*GOAL OF THE EXERCISE*:
The exercise calls for the lines from the one containing "Lumberjack Drawstring Tote" to the end of the data below to be output exactly, pictures excluded.

*Image-text web data*:
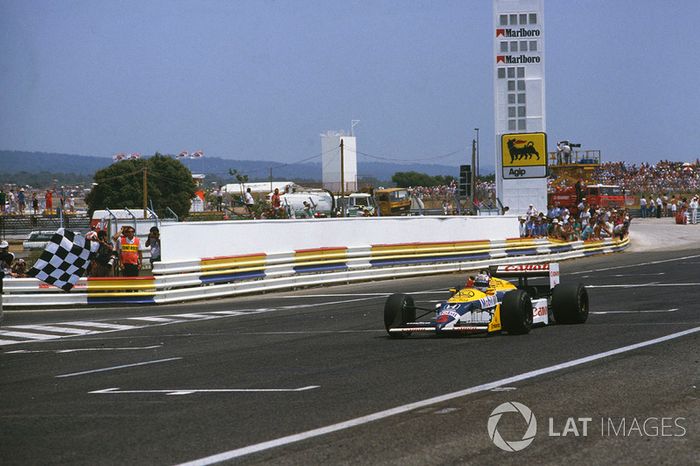 18º Nigel Mansell, Williams FW11B, Le Castellet 1987. Tiempo: 1:06.454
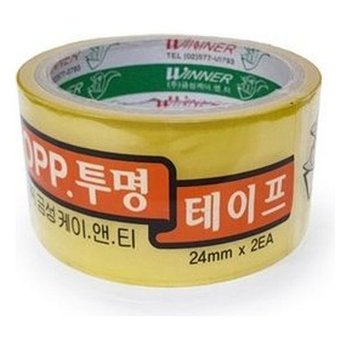 [VCJ01NQM]금성 투명OPP테이프 x TAPE 24mm 25M 2개입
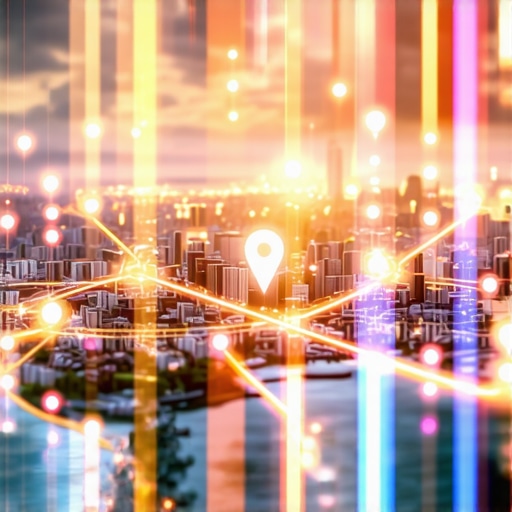 Advanced Local Ranking Heat Map Analysis Digital city heat map visualizing local business map pack competition and ranking proximity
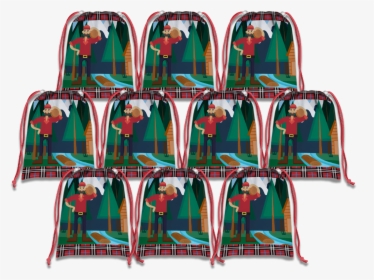 Lumberjack Drawstring Tote Bag - Garment Bag, HD Png Download, Transparent PNG
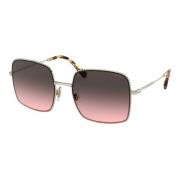 LA MONDAINE Sunglasses Pale Gold/Pink Grey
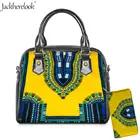 Jackherelook 2 шт. африканская традиционная Женская кожаная сумка, кошелек, сумка-мессенджеркросс-бодисумки через плечо для женщин, большие сумки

*EXERCISE OUTPUT*:
 Lumberjack Drawstring Tote Bag - Garment Bag, HD Png Download, Transparent PNG
 LA MONDAINE Sunglasses Pale Gold/Pink Grey
 Jackherelook 2 шт. африканская традиционная Женская кожаная сумка, кошелек, сумка-мессенджеркросс-бодисумки через плечо для женщин, большие сумки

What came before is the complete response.